There’s disappointment from all sides of the industry about the lag to get the Real-Time Rail payments system running. That’s what audience members at the Payments Canada Summit heard Ron Morrow, an executive at the Bank of Canada responsible for payments oversight, say Thursday.

FinTechs seeking access to RTR—once it’s live for industry testing in 2026—have to register in November with the central bank, which will supervise the companies’ regulatory compliance under the Retail Payments Activities Act. In an interview after his speech, Morrow said he’s heard from other jurisdictions that “sometimes” FinTechs aren’t used to being regulated and he’s not entirely sure what to expect come registration time, but he’s “hopeful that we’ve laid enough groundwork for folks on this.”

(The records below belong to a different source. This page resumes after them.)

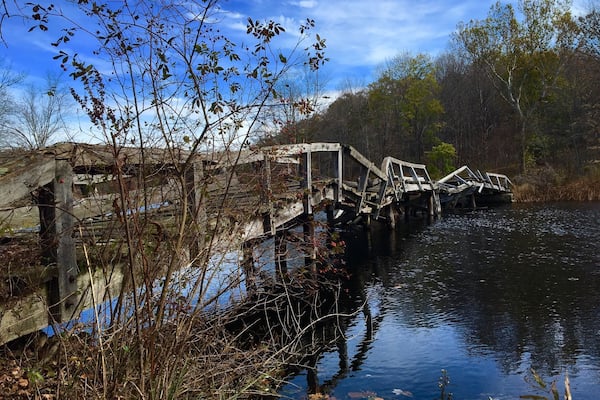 Waterloo Village, a national historic park and 19th century canal town adjacent to a Lenape village. Skip the bridge. October 2016. #yepitsjersey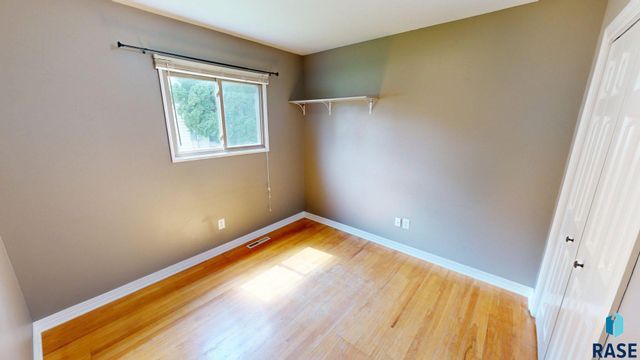 336 21st Ave S Avenue S, Brookings, SD 57006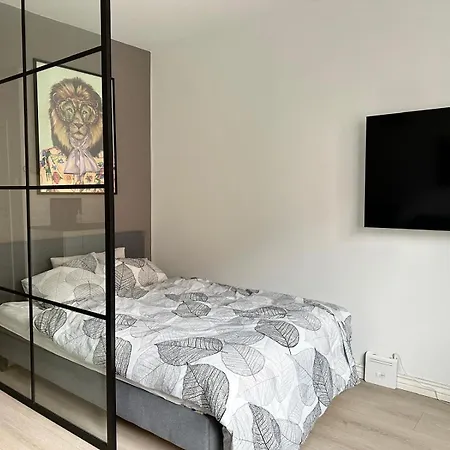 Cozy With Free Parking Apartamento *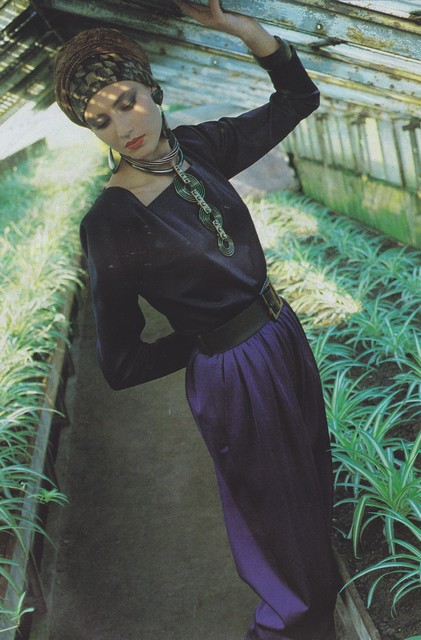 1985 - Vogue France - Yves Saint Laurent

The “real concern” though, Borrowell CEO Andrew Graham said, is that payments modernization “is so far behind schedule.” RTR was supposed to go live in 2019. “Without that in place, many FinTechs may simply opt to wait, calculating that the benefit to being regulated isn’t worth the cost,” Graham told me.

For years, the Bank of Canada has been advising these companies to “be ready” for regulatory change, while FinTechs have been saying they’re ready. Morrow acknowledged the mounting frustration for companies that have seen the system delayed many times, but said “what’s important now is that we move with as much experience as possible.”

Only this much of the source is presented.